It is important to understand the distinction between democracy and constitutionalism in order to get the nature of democratic deficit in the European community and more so the legitimacy problems of the less majority institutions like the independent central bank constitutional courts, and international organizations like the World Trade Organization. It is important to point out that if we take the expression democratic deficit literary as an absence or little development of institutions, then the deficit in democracy is truly a feature of the process within which the political and economic integration don’t only have different speeds but also follow different principles of which the first is intergovernmental and the second is supernationalism. This historically and unique approach can only succeed if the political and the economic tracks are kept separate from one another (Oliver & Jowell 2007). This means that the deficit of democracy will remain prevalent at the European level until that point where the majority of the citizens of the European Union member states stop to view the nation states as the only place of democratic politics.
The introduction of constitution in institutions like the EU raises many questions about its validity in a non state context. Although it is claimed that it is meant to strengthen the institutions, this is not actually true. It is rather meant to enhance the legitimacy of politics that is conducted in such a non state polity. Both the constitution and the citizen rights are in the long run more of symbolic rather than procedural value. However they are not presented to the public in this symbolic nature but rather promoted as substantial or practical improvements. Paradoxically, symbolic politics which are borrowed from the experience of the modern nation state could easily trigger off a conflict.
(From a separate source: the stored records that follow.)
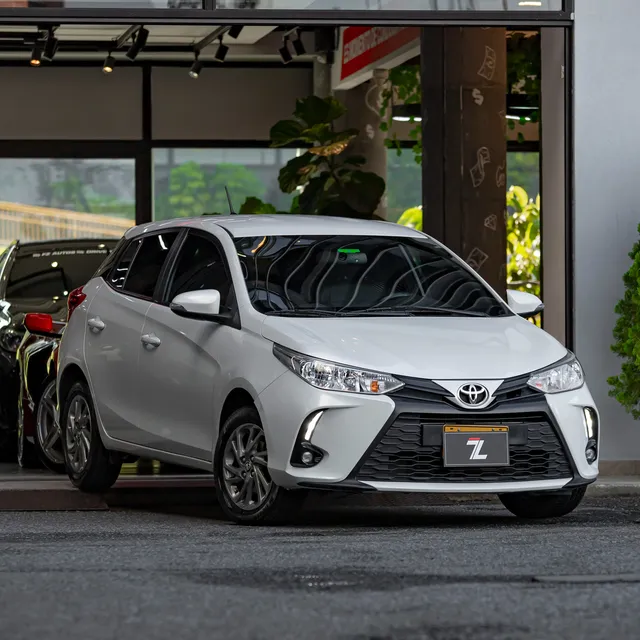 Toyota Yaris Xs 1.5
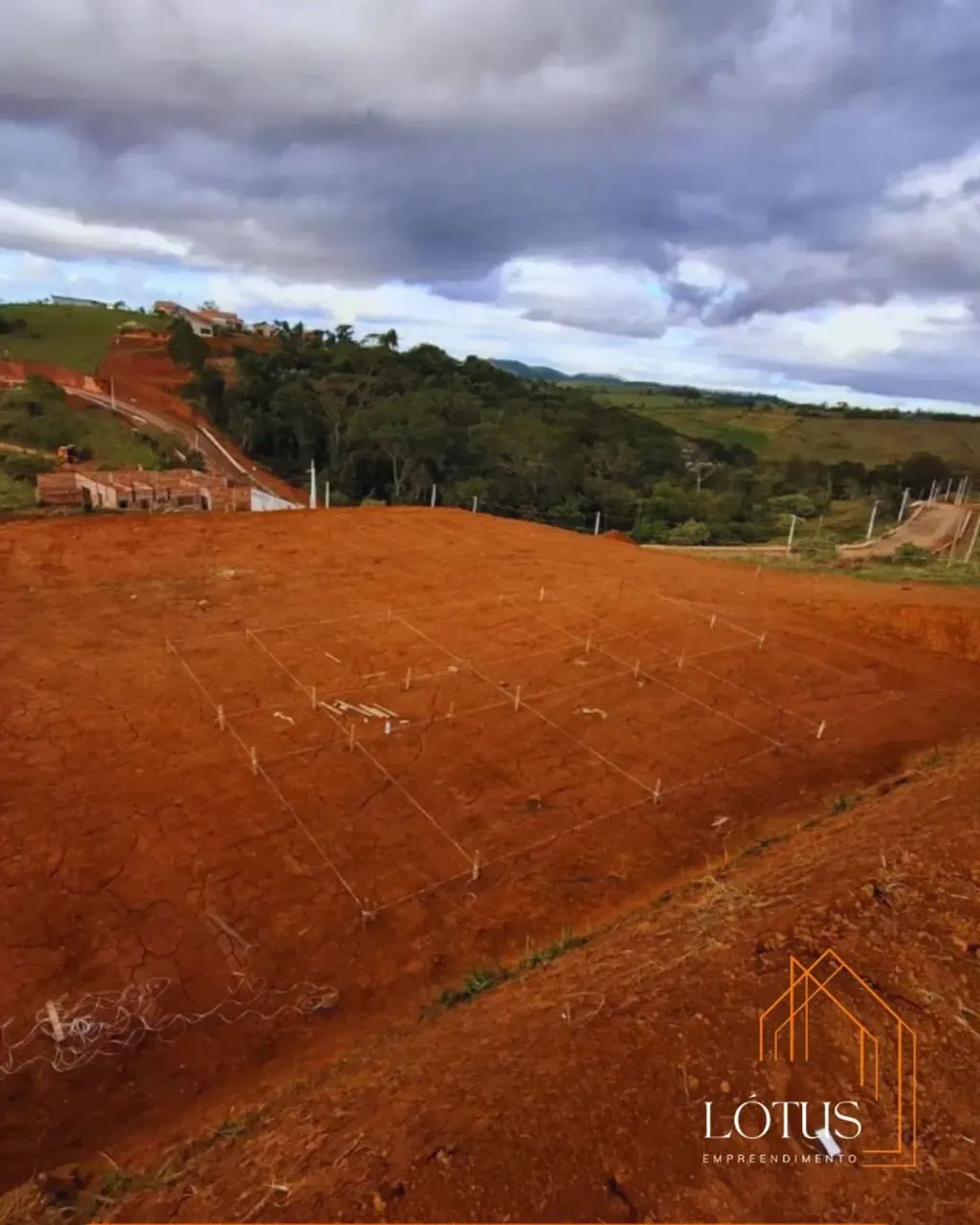 COMPRE O TERRENO E CONSTRUA NO SEU TEMPO - Foto 2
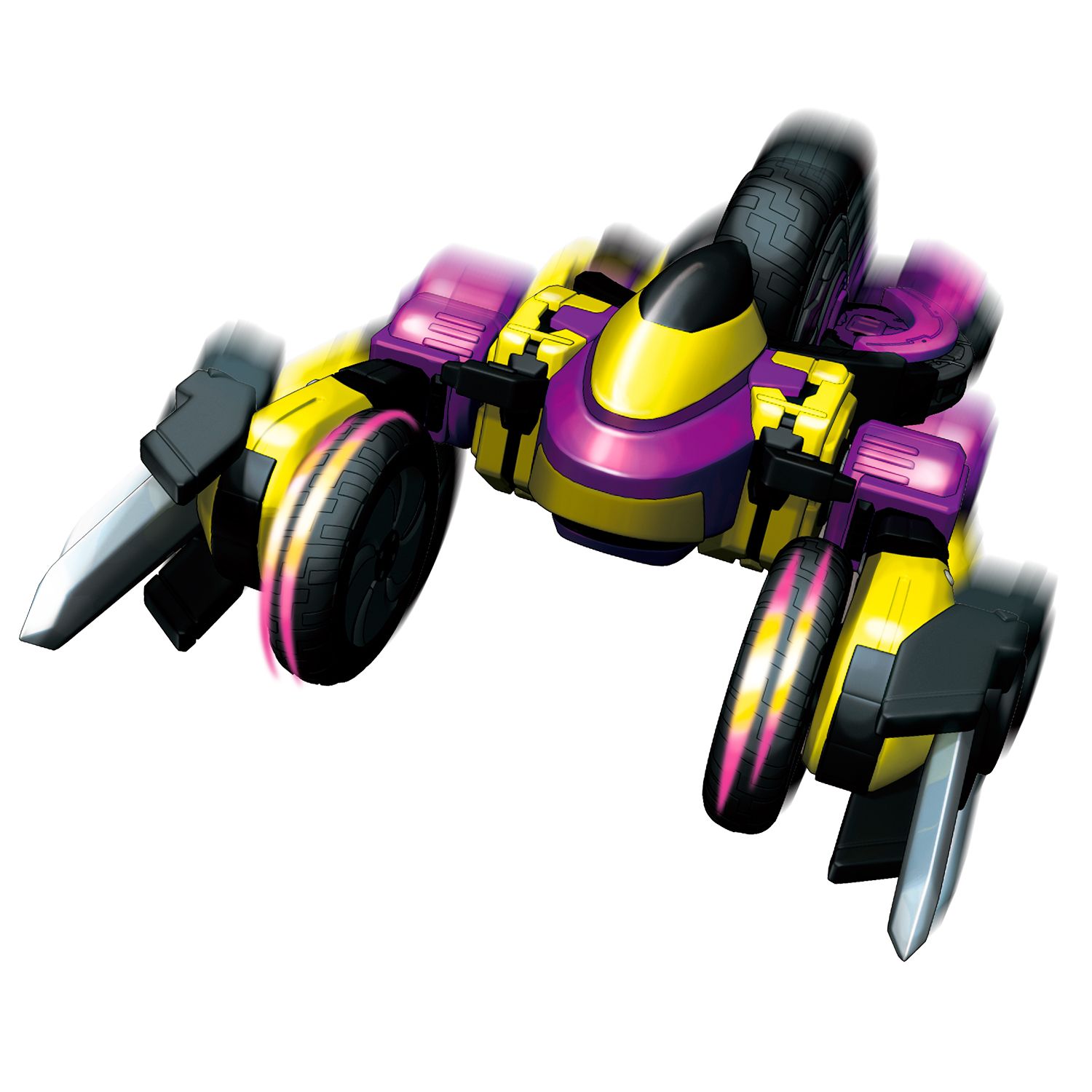 Фигурка Spin Racers - фото 8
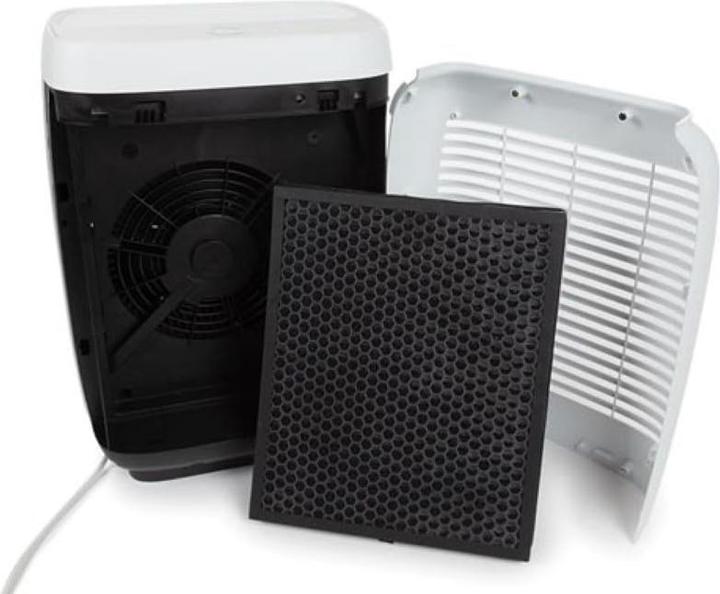 Actual product image Velleman Smart Air Purifier With Uv-C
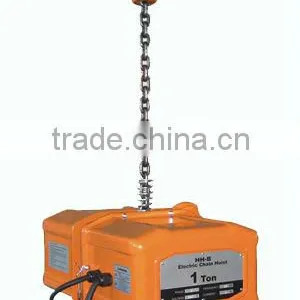 Inversion Hanging Electric Chain Hoist thumbnail-1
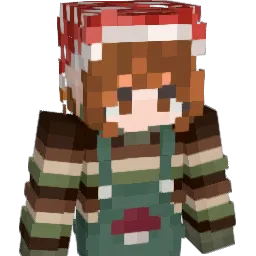 HelloJune14 Minecraft avatar bust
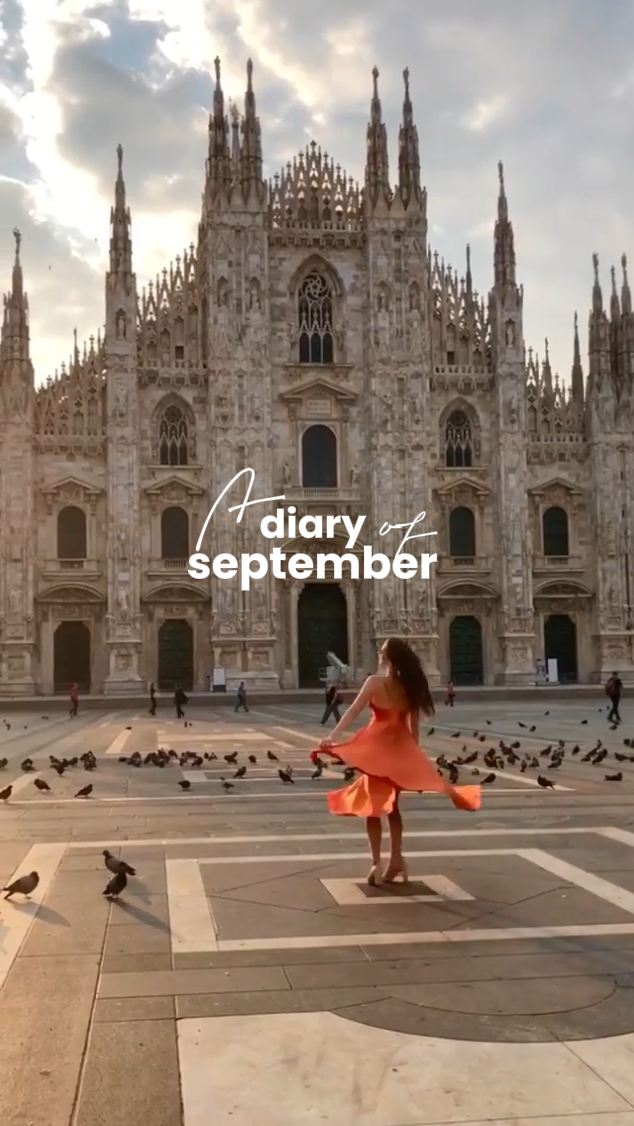 diary September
According to Inoguchi, Newman, & Keane, (1998), this is because the expectations and the experience of symbolic meaning are not the same for various communities. While constitutionalism would appear to be a deliberate policy towards bringing the people together just like democracy, it is more likely to bring up unintended consequences. In the European Union context for example, the issue of the constitution creates expectations that are potentially divergent and they are prone to start up a back-lash.
For the success of a political organization to be achieved, the constitution should be understood ad accepted by those who will be ruled by it. This means that the core norms of the constitution should be considered valid by the intended followers of the norm. These could be social groups, governments, or individual citizens. Empirically the basic assumptions on how to define legitimacy will determine the degree of validity. Whenever the constitutional norms are attended to outside the cultural and social context from which they originated from, a situation that is potential conflictive will always emerge. According to Torre (2007), the cause of the conflict will emerge from the de-linking of the various sets of social practices that form the evolving customary and political aspect of the constitution. In other words, the actors might all agree on the importance of a given norm in supernational context, this agree meant does not allow for conclusions to be made about its meaning. Just like in the domestic context, the meaning of a certain norm is likely to differ according to the way the norm is used. Both the customary and the organizational aspects contribute to the interpretation of the norm meanings.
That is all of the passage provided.